上の図は、国民一人当たりの政府支出とSDG評価の関係を示したものです。政府支出の少ない国とはすなわち国民の所得の低い国ということであり、そうした国では十分なSDGに関する活動ができないということなのです。
SDGと経済の関連ということでは、もうひとつデータがあります。この図は、世界のSDGスコアの平均の推移を表しています。注目してほしいのは2019年から2021年にかけて、SDGスコアが改善されていないことです。この停滞の原因は言うまでもなくコロナ禍です。世界経済の停滞がSDG活動の停滞につながるということは重要な事実であり、SDGを進めるためには、経済が順調であることが必要があることを示しているのです。
最後にSDGスコアは政府の姿勢とも関係しているという図です。横軸は各国政府のSDGに対しての約束(コミットメント)と努力についての評点です。フィンランドをはじめランキング上位の国はみなその国の政府がしっかりと約束し、それを果たすべく努力していることがわかります。赤丸で囲んだ日本もそれなりの位置にありますが、注目してほしいのは青丸で囲んだアメリカです。政府の取り組みとしてはほとんど最低の評価となっています。

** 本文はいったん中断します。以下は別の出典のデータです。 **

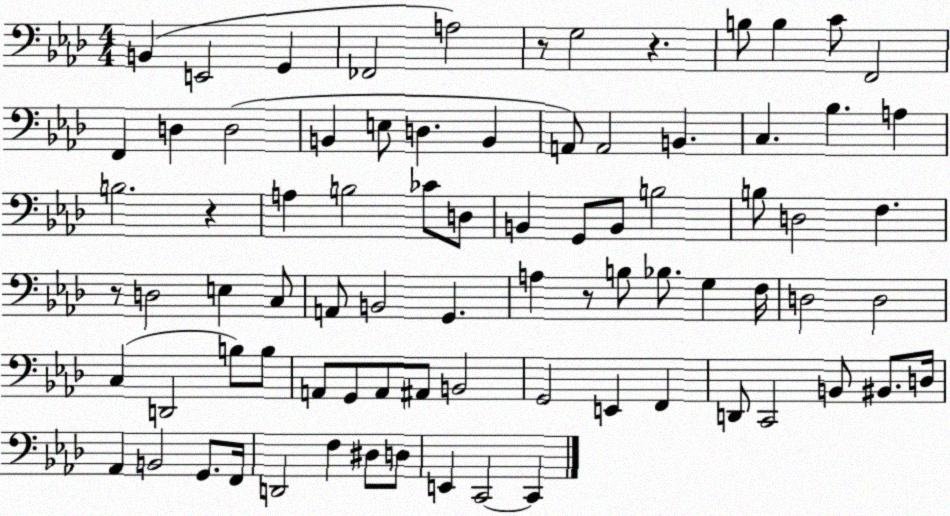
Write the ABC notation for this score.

昨日ご紹介したようにアメリカのランキングは41位と世界の超大国らしからぬ位置にありますが、その原因はこうした政府の姿勢にあるのかもしれません。
こうしてみてくると、SDGの理念を実現するためには、ある程度の経済的な豊かさをすべての国が実現することが必須のように思います。そうした意味でSDG17の目標の最後の17番目は最も重要な目標なのかもしれません。